Re: [PATCH -tip 1/2] x86/alternative: Sync bp_patching update for avoiding NULL pointer exception

From: Masami Hiramatsu
Date: Mon Dec 02 2019 - 09:39:37 EST


On Mon, 2 Dec 2019 14:43:54 +0100
Peter Zijlstra <peterz@xxxxxxxxxxxxx> wrote:

> On Mon, Dec 02, 2019 at 08:50:12PM +0900, Masami Hiramatsu wrote:
> > On Mon, 2 Dec 2019 10:15:19 +0100
> > Peter Zijlstra <peterz@xxxxxxxxxxxxx> wrote:
> > > On Wed, Nov 27, 2019 at 02:56:52PM +0900, Masami Hiramatsu wrote:
>
> > > > --- a/arch/x86/kernel/alternative.c
> > > > +++ b/arch/x86/kernel/alternative.c
> > > > @@ -1134,8 +1134,14 @@ static void text_poke_bp_batch(struct text_poke_loc *tp, unsigned int nr_entries
> > > > * sync_core() implies an smp_mb() and orders this store against
> > > > * the writing of the new instruction.
> > > > */
> > > > - bp_patching.vec = NULL;
> > > > bp_patching.nr_entries = 0;
> > > > + /*
> > > > + * This sync_core () ensures that all int3 handlers in progress
> > > > + * have finished.
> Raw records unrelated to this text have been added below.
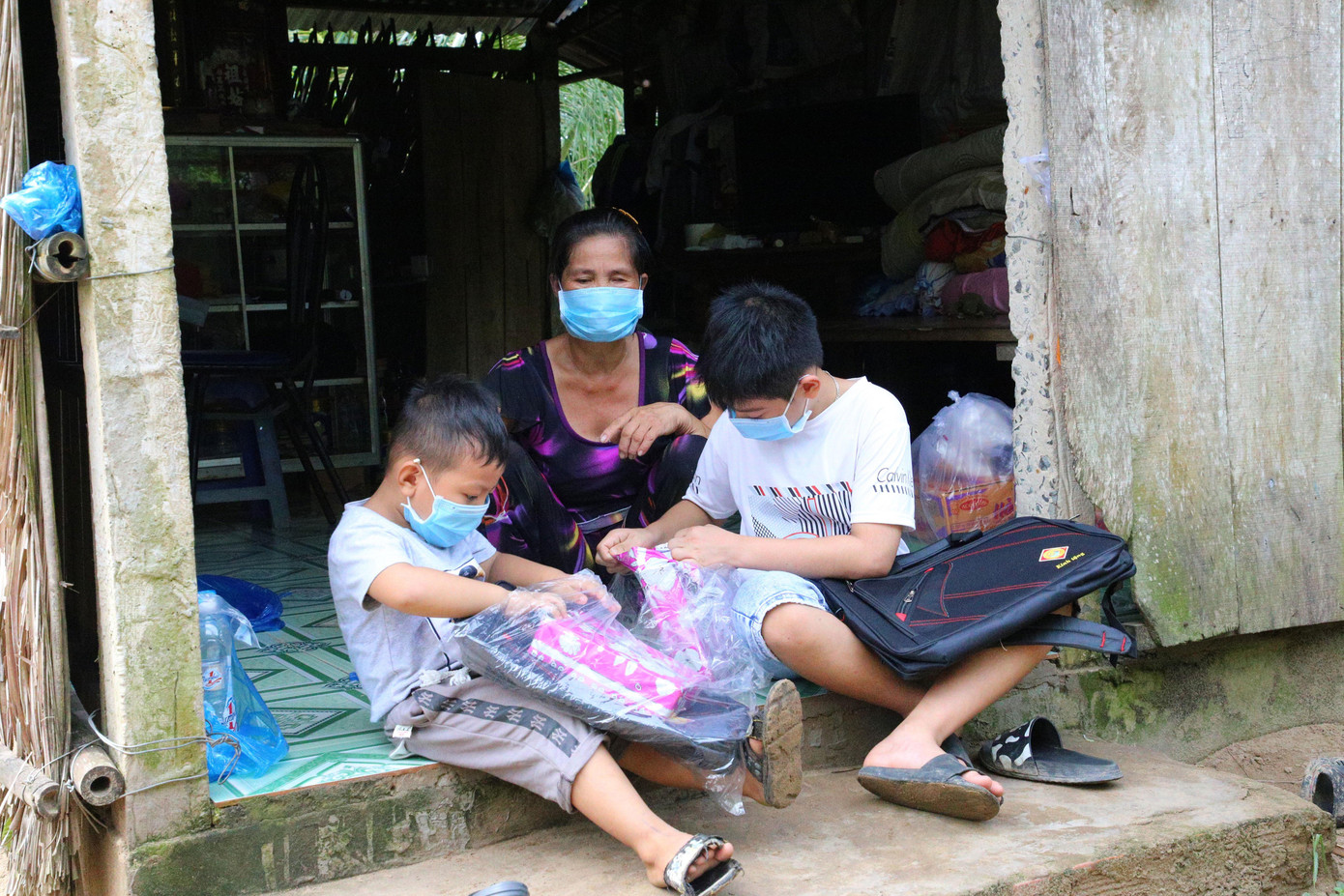 Công an TP. Cần Thơ nhận bảo trợ cho 11 cháu (mỗi trường hợp tối thiểu 3 triệu đồng/năm) cho đến khi các cháu đủ 18 tuổi. Công an TP. Cần Thơ nhận bảo trợ cho 11 cháu (mỗi trường hợp tối thiểu 3 triệu đồng/năm) cho đến khi các cháu đủ 18 tuổi.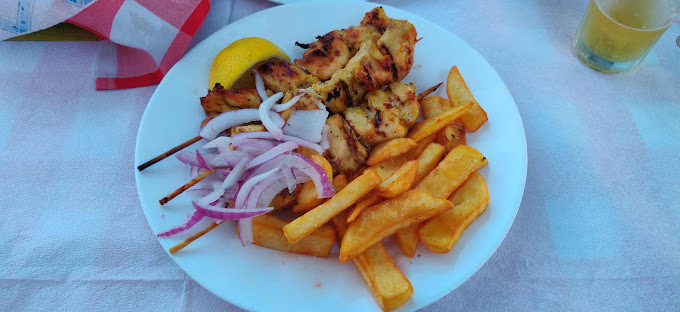 Sta Karvouna Grill House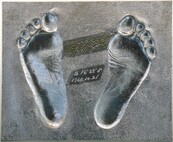 グレーの土台に、左右の足型がっくっきりと押されている、円谷選手の足型の写真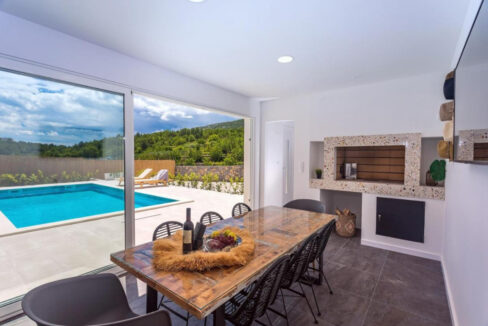 Wunderschöne weiße Villa bei Omis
This allows poke_int3_handler () after this to
> > > > + * avoid touching bp_paching.vec by checking nr_entries == 0.
> > > > + */
> > > > + text_poke_sync();
> > > > + bp_patching.vec = NULL;
> > > > }
> > >
> > > Hurm.. is there no way we can merge that with the 'last'
> > > text_poke_sync() ? It seems a little daft to do 2 back-to-back IPI
> > > things like that.
> >
> > Maybe we can add a NULL check of bp_patchig.vec in poke_int3_handler()
> > but it doesn't ensure the fundamental safeness, because the array
> > pointed by bp_patching.vec itself can be released while
> > poke_int3_handler() accesses it.
>
> No, what I mean is something like:
>
> diff --git a/arch/x86/kernel/alternative.c b/arch/x86/kernel/alternative.c
> index 30e86730655c..347a234a7c52 100644
> --- a/arch/x86/kernel/alternative.c
> +++ b/arch/x86/kernel/alternative.c
> @@ -1119,17 +1119,13 @@ static void text_poke_bp_batch(struct text_poke_loc *tp, unsigned int nr_entries
> * Third step: replace the first byte (int3) by the first byte of
> * replacing opcode.
> */
> - for (do_sync = 0, i = 0; i < nr_entries; i++) {
> + for (i = 0; i < nr_entries; i++) {
> if (tp[i].text[0] == INT3_INSN_OPCODE)
> continue;
>
> text_poke(text_poke_addr(&tp[i]), tp[i].text, INT3_INSN_SIZE);
> - do_sync++;
> }
>
> - if (do_sync)
> - text_poke_sync();
> -
> /*
> * sync_core() implies an smp_mb() and orders this store against
> * the writing of the new instruction.
>
>
> Or is that unsafe ?

OK, let's check it.

text_poke_bp_batch() {
update vec
update nr_entries
smp_wmb()
write int3
text_poke_sync()
write rest_bytes
text_poke_sync() if rest_bytes
write first_byte
text_poke_sync() if first_byte ... (*)
update nr_entries
text_poke_sync() ... (**)
update vec
}

Before (*), the first byte can be new opcode or int3, thus
poke_int3_handler() can be called. But anyway, at that point
nr_entries != 0, thus poke_int3_handler() correctly emulate
the new instruction.

Before (**), all int3 should be removed, so nr_entries must
not accessed, EXCEPT for writing int3 case.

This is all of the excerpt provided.